Exercise → Write out the full listing exactly.

"""

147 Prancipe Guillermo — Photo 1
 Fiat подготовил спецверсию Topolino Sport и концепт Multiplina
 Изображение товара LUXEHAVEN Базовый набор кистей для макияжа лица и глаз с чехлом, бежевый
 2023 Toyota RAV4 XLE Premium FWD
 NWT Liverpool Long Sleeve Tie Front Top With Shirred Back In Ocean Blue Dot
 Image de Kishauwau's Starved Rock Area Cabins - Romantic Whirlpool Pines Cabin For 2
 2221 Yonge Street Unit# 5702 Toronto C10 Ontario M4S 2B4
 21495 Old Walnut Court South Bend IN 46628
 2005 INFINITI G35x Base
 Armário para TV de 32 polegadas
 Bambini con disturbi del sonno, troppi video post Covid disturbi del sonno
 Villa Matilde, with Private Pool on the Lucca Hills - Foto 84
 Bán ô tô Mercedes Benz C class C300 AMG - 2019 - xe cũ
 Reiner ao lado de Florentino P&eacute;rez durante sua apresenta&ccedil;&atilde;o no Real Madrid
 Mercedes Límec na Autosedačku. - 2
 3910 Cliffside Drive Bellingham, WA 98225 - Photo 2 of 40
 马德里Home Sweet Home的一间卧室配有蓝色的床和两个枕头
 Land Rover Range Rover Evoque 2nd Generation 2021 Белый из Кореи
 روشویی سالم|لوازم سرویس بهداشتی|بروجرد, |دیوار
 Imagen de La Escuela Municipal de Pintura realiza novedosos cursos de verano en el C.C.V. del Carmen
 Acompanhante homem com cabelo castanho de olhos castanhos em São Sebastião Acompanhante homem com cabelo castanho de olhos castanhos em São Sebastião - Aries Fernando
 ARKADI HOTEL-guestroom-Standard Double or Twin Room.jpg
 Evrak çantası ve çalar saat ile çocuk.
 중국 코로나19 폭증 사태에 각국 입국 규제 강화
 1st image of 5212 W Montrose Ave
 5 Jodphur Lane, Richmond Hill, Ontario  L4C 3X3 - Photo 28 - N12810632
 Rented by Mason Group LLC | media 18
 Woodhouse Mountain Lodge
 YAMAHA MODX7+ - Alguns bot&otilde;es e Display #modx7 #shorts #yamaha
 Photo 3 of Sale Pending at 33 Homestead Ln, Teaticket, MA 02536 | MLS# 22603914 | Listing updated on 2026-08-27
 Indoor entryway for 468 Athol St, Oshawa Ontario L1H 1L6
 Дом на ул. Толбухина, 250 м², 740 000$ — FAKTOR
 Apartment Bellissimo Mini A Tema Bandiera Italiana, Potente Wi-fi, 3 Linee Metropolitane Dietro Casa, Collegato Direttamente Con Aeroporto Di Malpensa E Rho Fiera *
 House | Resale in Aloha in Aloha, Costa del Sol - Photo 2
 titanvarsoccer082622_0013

"""

Exercise answer →
147 Prancipe Guillermo — Photo 1
 Fiat подготовил спецверсию Topolino Sport и концепт Multiplina
 Изображение товара LUXEHAVEN Базовый набор кистей для макияжа лица и глаз с чехлом, бежевый
 2023 Toyota RAV4 XLE Premium FWD
 NWT Liverpool Long Sleeve Tie Front Top With Shirred Back In Ocean Blue Dot
 Image de Kishauwau's Starved Rock Area Cabins - Romantic Whirlpool Pines Cabin For 2
 2221 Yonge Street Unit# 5702 Toronto C10 Ontario M4S 2B4
 21495 Old Walnut Court South Bend IN 46628
 2005 INFINITI G35x Base
 Armário para TV de 32 polegadas
 Bambini con disturbi del sonno, troppi video post Covid disturbi del sonno
 Villa Matilde, with Private Pool on the Lucca Hills - Foto 84
 Bán ô tô Mercedes Benz C class C300 AMG - 2019 - xe cũ
 Reiner ao lado de Florentino P&eacute;rez durante sua apresenta&ccedil;&atilde;o no Real Madrid
 Mercedes Límec na Autosedačku. - 2
 3910 Cliffside Drive Bellingham, WA 98225 - Photo 2 of 40
 马德里Home Sweet Home的一间卧室配有蓝色的床和两个枕头
 Land Rover Range Rover Evoque 2nd Generation 2021 Белый из Кореи
 روشویی سالم|لوازم سرویس بهداشتی|بروجرد, |دیوار
 Imagen de La Escuela Municipal de Pintura realiza novedosos cursos de verano en el C.C.V. del Carmen
 Acompanhante homem com cabelo castanho de olhos castanhos em São Sebastião Acompanhante homem com cabelo castanho de olhos castanhos em São Sebastião - Aries Fernando
 ARKADI HOTEL-guestroom-Standard Double or Twin Room.jpg
 Evrak çantası ve çalar saat ile çocuk.
 중국 코로나19 폭증 사태에 각국 입국 규제 강화
 1st image of 5212 W Montrose Ave
 5 Jodphur Lane, Richmond Hill, Ontario  L4C 3X3 - Photo 28 - N12810632
 Rented by Mason Group LLC | media 18
 Woodhouse Mountain Lodge
 YAMAHA MODX7+ - Alguns bot&otilde;es e Display #modx7 #shorts #yamaha
 Photo 3 of Sale Pending at 33 Homestead Ln, Teaticket, MA 02536 | MLS# 22603914 | Listing updated on 2026-08-27
 Indoor entryway for 468 Athol St, Oshawa Ontario L1H 1L6
 Дом на ул. Толбухина, 250 м², 740 000$ — FAKTOR
 Apartment Bellissimo Mini A Tema Bandiera Italiana, Potente Wi-fi, 3 Linee Metropolitane Dietro Casa, Collegato Direttamente Con Aeroporto Di Malpensa E Rho Fiera *
 House | Resale in Aloha in Aloha, Costa del Sol - Photo 2
 titanvarsoccer082622_0013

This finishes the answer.